So that that one encompassing “I agree” – box makes way for dozens of boxes that you have to tick off each separately? Because that is what the strict application of the GDPR actually means under the heading of ‘privacy by design’.
The National Register Number: The Ultimate GDPR Breach
In fact, the problem is even more deeply ingrained in our society. Just think of our government services and their many forms. It all starts with the national register number: you can read our age from that. A choice that was made many years ago, but also has enormous consequences in these privacy-sensitive times. Do people need your date of birth when you fill out your tax form? Not really, and yet this is there.
That is not the only thing that is stated on most government forms: people almost always ask for your name, address, date of birth and place of birth.

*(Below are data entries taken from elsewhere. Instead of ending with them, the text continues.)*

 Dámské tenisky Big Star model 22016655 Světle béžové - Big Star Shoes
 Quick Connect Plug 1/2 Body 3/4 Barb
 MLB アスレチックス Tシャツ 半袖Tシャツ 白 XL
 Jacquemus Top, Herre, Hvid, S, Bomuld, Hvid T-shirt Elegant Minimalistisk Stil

A boon for administrative officials? Maybe, but at the very least a boon for hackers. With every successful break-in, the data thief is simply given extra information that was not even necessary for the processing of the form.
Also read: help with right to be forgotten
Right to be erased? Downright dangerous
One of the most important provisions of the GDPR is the right to be forgotten. But what exactly does that mean? Many fill this in as ‘the right to be erased’, but has anyone ever thought about how dangerous this can be? I’ve experienced it myself, and many with me: if someone close to you dies, and they accidentally delete your name from the national register instead of that of the deceased, it can sometimes take years before that wrong is rectified.
If your data is really erased for good, this becomes even more complex and Kafka is suddenly very close. A practical example, more on the business side: an employee leaves your company and demands that all non-tax data (in other words, all data about performance and evaluation) be deleted. A while later, another employee wants to consult that kind of data to benchmark performance, general conditions, etc… But that data is gone, for good.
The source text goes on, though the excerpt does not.